Prince Platon Alexandrovich Zubov, Lover of Catherine II (the Great) of Russia

by Susan Flantzer  © Unofficial Royalty 2020

Prince Platon Alexandrovich Zubov; Credit – Wikipedia

  • Patronymics: In Russian, a patronymic is the second name derived from the father’s first name: the suffix -vich means “son of” and the suffixes -eva, -evna, -ova, and -ovna mean “daughter of”.

Prince Platon Alexandrovich Zubov was the last lover of Catherine II (the Great), Empress of All Russia. There was a thirty-eight-year age difference between Platon and Catherine. He was also one of the conspirators in the assassination of Catherine II’s son and successor Paul I, Emperor of All Russia, and was one of the fourteen people present at Paul’s murder.
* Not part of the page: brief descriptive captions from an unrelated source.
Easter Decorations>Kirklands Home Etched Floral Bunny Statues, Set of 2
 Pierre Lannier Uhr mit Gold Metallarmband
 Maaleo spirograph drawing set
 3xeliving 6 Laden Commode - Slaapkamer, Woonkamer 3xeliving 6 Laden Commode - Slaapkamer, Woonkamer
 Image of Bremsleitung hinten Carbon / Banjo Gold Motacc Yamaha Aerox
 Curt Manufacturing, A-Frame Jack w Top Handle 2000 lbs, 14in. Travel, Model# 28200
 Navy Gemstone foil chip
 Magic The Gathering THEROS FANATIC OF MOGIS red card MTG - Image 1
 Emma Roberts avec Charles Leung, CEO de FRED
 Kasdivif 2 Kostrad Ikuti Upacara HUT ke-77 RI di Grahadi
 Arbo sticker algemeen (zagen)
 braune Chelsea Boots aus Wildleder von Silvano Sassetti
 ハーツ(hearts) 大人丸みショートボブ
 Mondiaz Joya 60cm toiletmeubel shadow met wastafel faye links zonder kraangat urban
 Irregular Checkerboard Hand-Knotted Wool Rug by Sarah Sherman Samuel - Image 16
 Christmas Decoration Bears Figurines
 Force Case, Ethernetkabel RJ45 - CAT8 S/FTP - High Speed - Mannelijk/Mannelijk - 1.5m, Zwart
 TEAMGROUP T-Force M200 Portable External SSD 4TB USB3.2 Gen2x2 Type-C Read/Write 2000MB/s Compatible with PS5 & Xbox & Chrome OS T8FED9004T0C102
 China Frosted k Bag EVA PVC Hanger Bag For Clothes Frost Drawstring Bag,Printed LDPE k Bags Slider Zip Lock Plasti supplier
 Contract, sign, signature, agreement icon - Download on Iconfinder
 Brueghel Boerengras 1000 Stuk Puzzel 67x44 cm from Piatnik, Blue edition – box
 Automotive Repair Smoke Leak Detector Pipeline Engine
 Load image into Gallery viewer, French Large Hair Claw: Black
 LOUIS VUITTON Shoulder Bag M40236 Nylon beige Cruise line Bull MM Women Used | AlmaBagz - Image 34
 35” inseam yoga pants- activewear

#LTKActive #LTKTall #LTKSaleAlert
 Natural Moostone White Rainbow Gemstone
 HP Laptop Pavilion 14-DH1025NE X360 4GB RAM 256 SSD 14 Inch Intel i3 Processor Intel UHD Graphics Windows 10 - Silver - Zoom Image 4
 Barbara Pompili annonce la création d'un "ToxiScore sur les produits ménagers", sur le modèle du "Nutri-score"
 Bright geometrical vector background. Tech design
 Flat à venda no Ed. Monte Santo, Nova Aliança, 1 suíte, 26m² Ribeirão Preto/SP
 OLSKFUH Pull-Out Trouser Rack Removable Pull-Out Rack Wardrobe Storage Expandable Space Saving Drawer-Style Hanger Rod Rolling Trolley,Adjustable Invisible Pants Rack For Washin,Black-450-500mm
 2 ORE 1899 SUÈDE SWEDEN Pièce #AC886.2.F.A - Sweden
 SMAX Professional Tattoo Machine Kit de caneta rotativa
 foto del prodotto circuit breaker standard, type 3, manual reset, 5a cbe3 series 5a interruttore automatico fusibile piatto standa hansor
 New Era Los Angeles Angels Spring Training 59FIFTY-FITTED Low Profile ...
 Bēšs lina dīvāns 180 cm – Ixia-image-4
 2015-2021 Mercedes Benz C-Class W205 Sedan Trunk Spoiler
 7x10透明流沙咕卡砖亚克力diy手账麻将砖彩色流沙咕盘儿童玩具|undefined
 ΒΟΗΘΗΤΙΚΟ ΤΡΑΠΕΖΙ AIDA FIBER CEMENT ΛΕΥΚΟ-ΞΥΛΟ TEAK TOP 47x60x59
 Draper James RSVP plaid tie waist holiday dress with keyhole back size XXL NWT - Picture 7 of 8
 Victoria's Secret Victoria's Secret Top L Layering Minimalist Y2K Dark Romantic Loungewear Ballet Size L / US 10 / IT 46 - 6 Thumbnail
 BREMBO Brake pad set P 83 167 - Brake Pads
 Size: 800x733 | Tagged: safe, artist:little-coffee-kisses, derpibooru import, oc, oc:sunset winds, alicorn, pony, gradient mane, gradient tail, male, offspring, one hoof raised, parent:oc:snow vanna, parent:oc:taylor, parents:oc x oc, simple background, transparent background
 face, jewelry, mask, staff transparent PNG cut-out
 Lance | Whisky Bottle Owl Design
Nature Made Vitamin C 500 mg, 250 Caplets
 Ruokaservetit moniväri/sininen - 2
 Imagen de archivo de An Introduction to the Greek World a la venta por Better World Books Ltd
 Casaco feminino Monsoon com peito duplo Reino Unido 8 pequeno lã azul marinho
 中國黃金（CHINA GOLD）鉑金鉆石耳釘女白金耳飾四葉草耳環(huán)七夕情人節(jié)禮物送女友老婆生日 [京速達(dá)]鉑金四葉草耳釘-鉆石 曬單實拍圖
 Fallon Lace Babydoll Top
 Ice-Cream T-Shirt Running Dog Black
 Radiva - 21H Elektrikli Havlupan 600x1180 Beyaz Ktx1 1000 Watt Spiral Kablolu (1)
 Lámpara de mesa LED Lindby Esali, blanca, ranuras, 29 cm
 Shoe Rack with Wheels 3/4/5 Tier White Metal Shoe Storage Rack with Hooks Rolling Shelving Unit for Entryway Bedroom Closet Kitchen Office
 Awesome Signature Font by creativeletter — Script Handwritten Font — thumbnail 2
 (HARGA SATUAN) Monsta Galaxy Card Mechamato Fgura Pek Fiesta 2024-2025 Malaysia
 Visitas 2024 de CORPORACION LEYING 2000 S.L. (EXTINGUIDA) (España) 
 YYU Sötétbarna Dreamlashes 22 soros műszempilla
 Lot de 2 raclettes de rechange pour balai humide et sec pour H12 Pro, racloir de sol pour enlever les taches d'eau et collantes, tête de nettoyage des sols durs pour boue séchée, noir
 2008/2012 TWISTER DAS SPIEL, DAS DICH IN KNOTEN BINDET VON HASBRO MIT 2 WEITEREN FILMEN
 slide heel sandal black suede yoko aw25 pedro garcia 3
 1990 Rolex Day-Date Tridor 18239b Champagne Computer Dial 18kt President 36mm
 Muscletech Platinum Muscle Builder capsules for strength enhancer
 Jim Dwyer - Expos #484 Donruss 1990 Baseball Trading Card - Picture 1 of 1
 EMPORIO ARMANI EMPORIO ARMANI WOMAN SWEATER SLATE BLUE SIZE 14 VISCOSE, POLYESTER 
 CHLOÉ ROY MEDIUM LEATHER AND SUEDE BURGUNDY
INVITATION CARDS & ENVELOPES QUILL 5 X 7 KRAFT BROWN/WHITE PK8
Born on November 26, 1767, Platon was the fifth of the six children and the third of the four sons of Alexander Nikolaievich Zubov (1727 – 1795) and Elizabeth Vasilievna Voronova (1742 – 1813).

Platon Alexandrovich had four older siblings and one younger sibling:

  • Anna Alexandrovna Zubova (1760 – after 1787), married Osip Ivanovich Horvath, had two children
  • Nicholai Alexandrovich Zubov (1763 – 1805), married Natalia Alexandrovna Suvorov, had seven children
  • Dmitri Alexandrovich Zubov (1764 – 1836), married Praskovye Alexandrovna Vyazemskaya, had six children
  • Olga Alexandrovna Zubova (1765 – 1849), married Alexander Alexeivich Zherebtsov, had four children
  • Valerian Alexandrovich Zubov (1771 – 1804), unmarried

Prince Grigory Alexandrovich Potemkin; Credit – Wikipedia

The great love of Empress Catherine’s life was Prince Grigory Alexandrovich Potemkin who had a relationship with Catherine from 1774 until he died in 1791. After a period of exclusivity, Potemkin and Catherine worked out a new relationship that preserved their affection toward each other and their political collaborations but allowed each of them to choose other sexual partners. Besides being Catherine’s lover, Potemkin was Grand Admiral of the Black Sea Fleet, Field Marshal of the Russian Army, and Governor-General of New Russia. Potemkin served as a diplomat, was a member of the Imperial Council and was president of the War College. He built the Black Sea Fleet and founded the cities of Sevastopol and Kherson in Crimea. Potemkin’s achievements include the peaceful annexation of Crimea and the successful Russo-Turkish War.

In June 1789, Platon Alexandrovich Zubov was a 22-year-old officer in the Lifeguards Horse Regiment when Count Nikolai Ivanovich Saltykov introduced him to Empress Catherine in an effort to supplant his enemy Prince Grigory Potemkin from his various positions. Potemkin had approved of all Catherine’s other lovers from 1777 – 1789 but he vehemently disapproved of Platon. He saw Platon for what he was – poorly educated, vain, and greedy for wealth, estates, honors and titles for himself, his father and his three brothers. Although Potemkin died in 1791, he was proven correct. Platon would become the last of Catherine’s lovers, become a Count and a Prince of the Holy Roman Empire, and along with his father and three brothers who all became Counts, would accumulate enormous fortunes and would become widely reviled for corruption and cruelty.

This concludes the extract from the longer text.